Praises be, Lord Marksman and Vanadis has finally returned to its strengths! Episode 9 is all about character drama, and 90% of those characters are Vanadis both old and new. While Tigre continues to fend off barbarian hordes, Elen is off to negotiate an invasion of close friend and fellow Vanadis Alexandra's lands by the less-friendly Vanadis cipher Elizavetta. Ultimately, nothing comes of the squabble plot-wise, but as an excuse to introduce and develop these two characters, it's strong material. The "Vanadis" in Lord Marksman and Vanadis continues to be the real draw of the show, and thankfully for more than the characters' bouncing breasts.

It's no surprise that Elen is closest with the gentle, considerate, passive-to-a-fault Alexandra, hereafter nicknamed "Sasha." She's like a more feminine version of Tigre in her sensitivity, honesty, and devotion to duty against all odds. She even has a dorky kinship with her weapons, referring to her fire daggers as her "little ones," much as Tigre clings to his family bow. It's to the show's credit that her foe, "Liza," is not demonized just for being on the antagonistic side of the conflict. Sasha admits that Liza may have good reason for attacking her, even if it's due to a misunderstanding, and for her part, Liza ends her potential fight to the death with Elen by offering her valuable information about the ally she values most, her beloved Tigre. Bloodthirsty or not, Liza seems to cherish personal bonds to a thoughtful and intriguing degree. Her attack on Sasha comes from feelings of betrayal, along with some unknown ulterior motives, and I'm already curious to learn more about both characters.

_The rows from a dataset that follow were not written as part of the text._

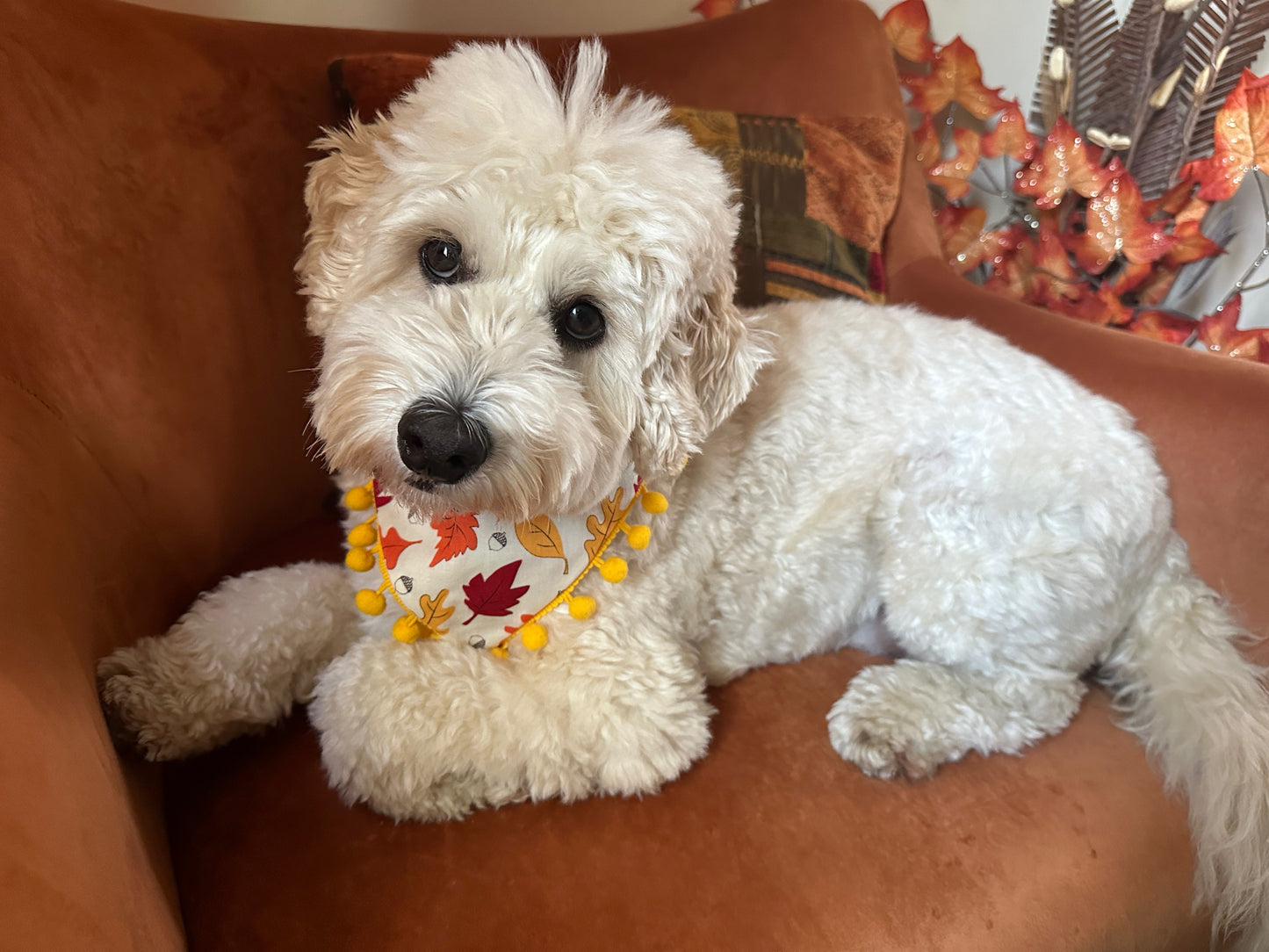 A fluffy white dog lounges on a brown armchair, proudly wearing the Cotton Pet Bandana with collar attachment - Autumn Leaves with pom poms by Crafts by Kate. This fall-themed accessory made from stunning fabric complements the cozy decor of orange and red leaves in the background.
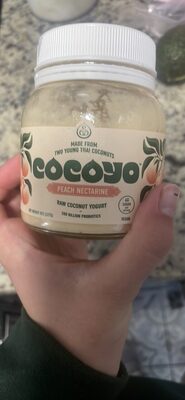 Raw Coconut Yogurt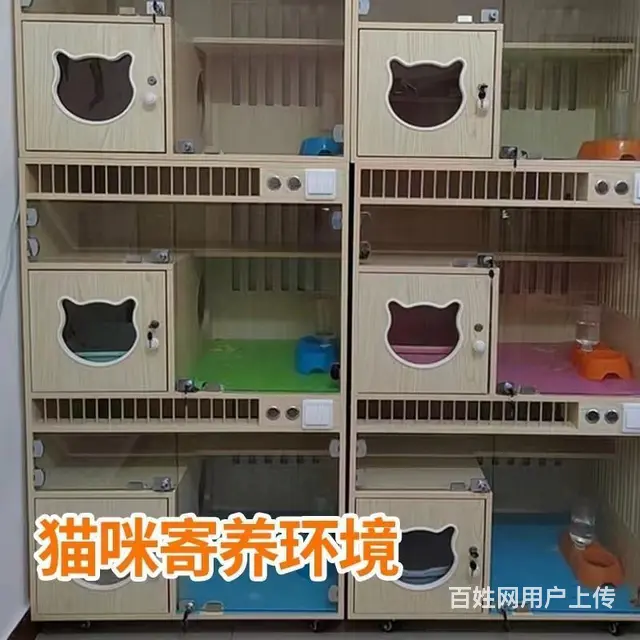 包头宠物托运（猫咪狗狗）（承接活体运输邮寄）代办检疫证 上门 - 图片 2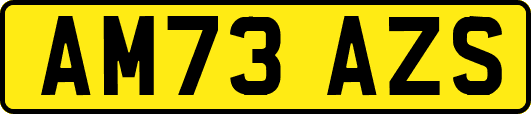 AM73AZS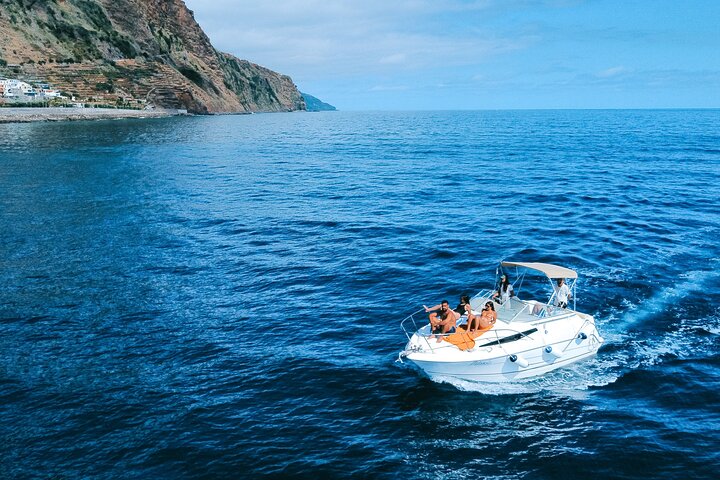 Tour de avistamiento de ballenas y delfines en Madeira a bordo de un yate, con oportunidades para nadar y hacer turismo, foto 17 | wizardtrip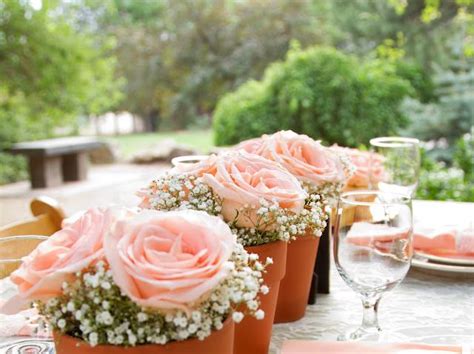 152 Best Images About Potted Flower Wedding On Pinterest Flower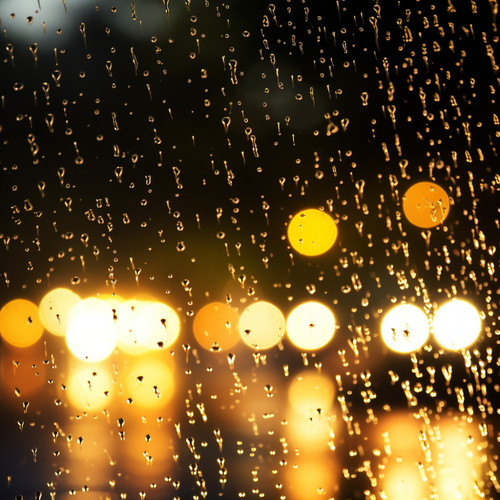 Gotas De Lluvia: Una Eufonía Natural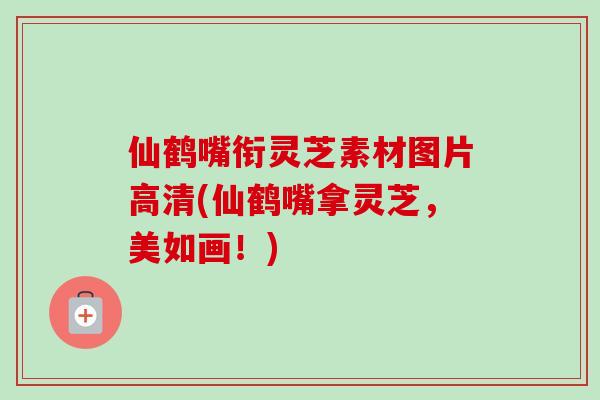 仙鹤嘴衔灵芝素材图片高清(仙鹤嘴拿灵芝,美如画!)-第1张图片-卓越灵芝孢子粉 仙鹤嘴衔灵芝素材图片高清(仙鹤嘴拿灵芝,美如画!)-第1张图片-卓越灵芝孢子粉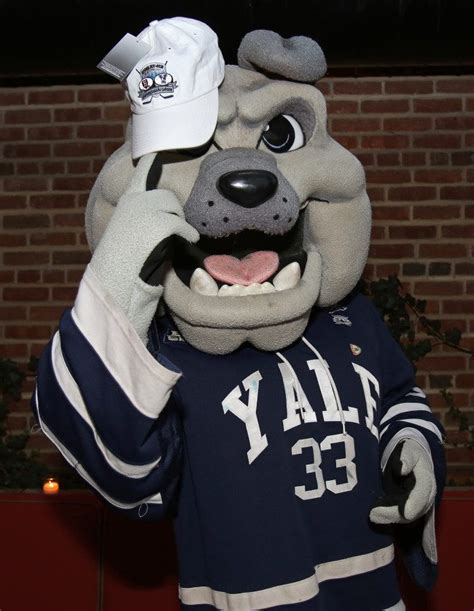 Yale University Mascot Guide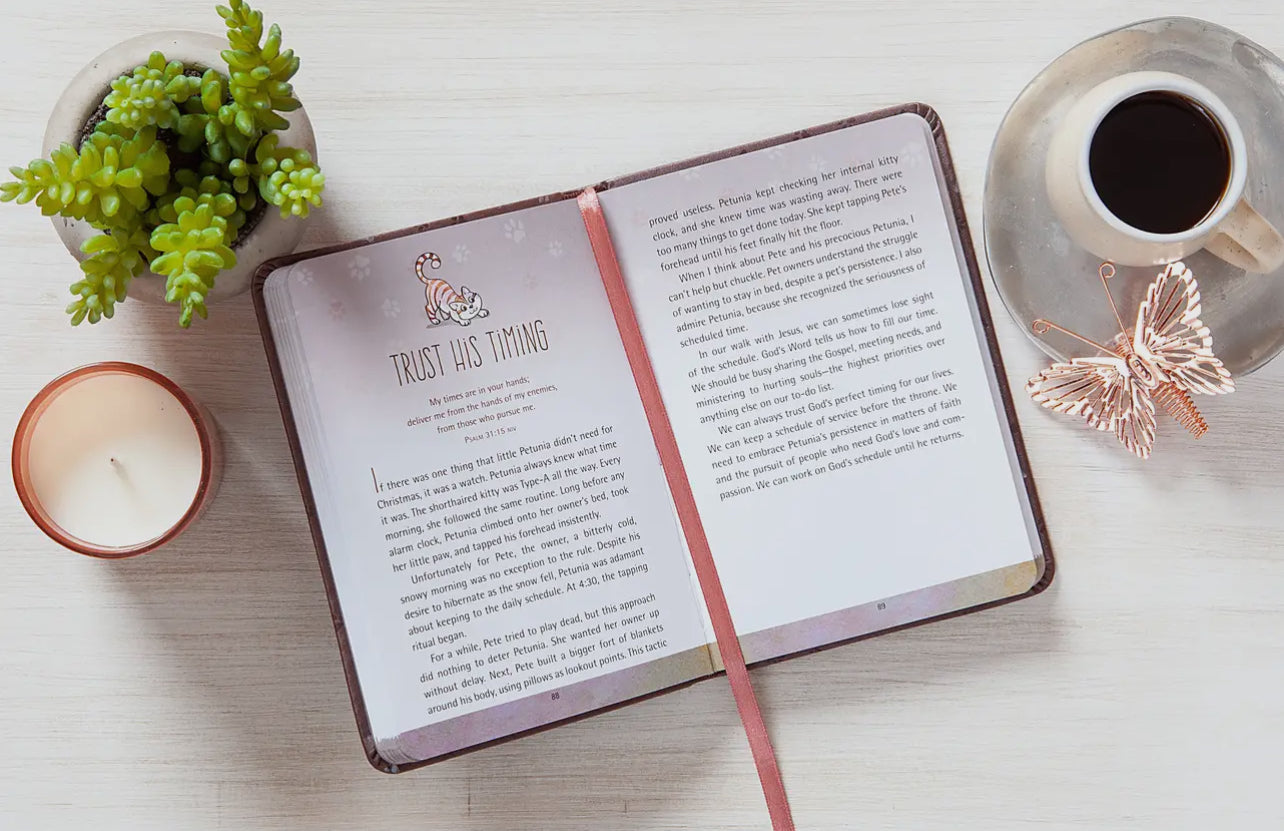 52 Devotions For Cat Lovers
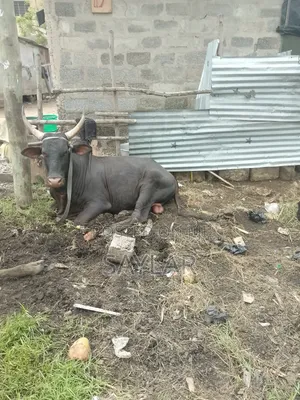 Gudali Type Nice Cow's for Sale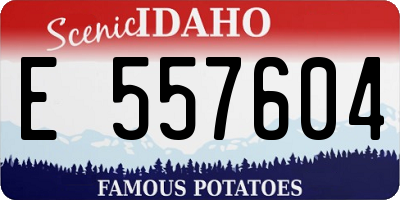 ID license plate E557604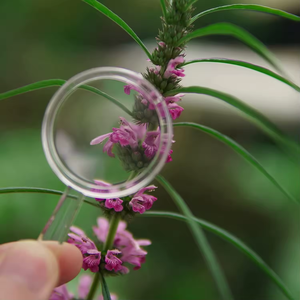 <strong>Mini</strong> Plastic Handheld Magnifying <strong>Glasses</strong> Portable <strong>Reading</strong> Magnifier for Senior and Kids - Product Image 4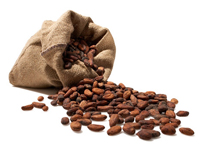 Какао бобы и их полезные компоненты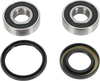 Pivot Works Wheel Bearing And Seal Kit Pwfwsh05000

But before that can happen, there's more battling to be done! The fights come back full force in episode 10, but they're still in a more positive flavor than the filler-like chess games we'd been slogging through in the lead-up. While Elen's away, Ludmila arrives in full support of Tigre. Her position of neutrality doesn't bind her from taking out dangerous barbarians after all; even if they might have relationships with nobles, she can claim ignorance about it. Still, she's eager to end the battle in the most pragmatic way possible and with little obligation to Tigre. So she uses their collaborative strategy meetings more as an opportunity to indoctrinate Tigre with her ideas and put him under her thumb than a platform for equal partnership. Of course, Tigre is the star of the show, so the tables are turned on Mila here, and the end result is a little growth and mutual respect between Mila, Tigre, and even Elen.

In retrospect, episodes 8-10 make for a snazzy 3-parter on par with the series' first three episodes in cohesion (though not in execution.) The show continues to be weighed down by the same problems, which sting much sharper as we get further into the series. The budget is now being stretched within an inch of its life, turning wars between troops of thousands into mattes of identical low-poly CG soldiers floating towards each other. Even the attention once lavished on Tigre's bowmanship has been replaced with three quick frames of fired-off arrows, followed by three quick frames of Ludmila swinging her lance. It's pretty pitiful, and the show is forced to fall back on narration describing the outcomes of battles in lieu of the kinetic visual evolution that carried earlier battles like the blowout in episode 3.

While the sour pacing and limited budget continue to bring the series down, its strong core of fantasy worldbuilding and complex characters is allowed to breathe in these episodes again, and those little moments make the tedium in-between worth it. Ludmila's interference in the barbarian war gave the conflict so much more gravity than it had at first. This wasn't just a filler dispute on the way to eliminating the threat of Thenardier, but a striking step toward fully establishing Tigre as a grand-scale threat himself. Thanks to his actions, he is now seen as a third power on par with the crowns of Brune and Zchted, or the greedy Dukes Ganelon and Thenardier.

It's not an outcome he ever wanted, and it probably means that his days of fighting won't just end with Thenardier. After Tigre apologizes for all the lives past and future that the decision to protect his little spit of land will cost, Elen takes his hand. She tells him that all he can do is pray to whatever god he believes in and stand by his decisions without regrets. It's clearly the path that Elen chose for herself long ago, so now she offers it to Tigre alongside her. After a little more reflection, he squeezes her hand back, and they finally become equals, under a starry sky of endless possibilities. These are the great little scenes that should keep viewers coming back, rocky execution be damned.

Rating: B

Lord Marksman and Vanadis is currently streaming on Funimation.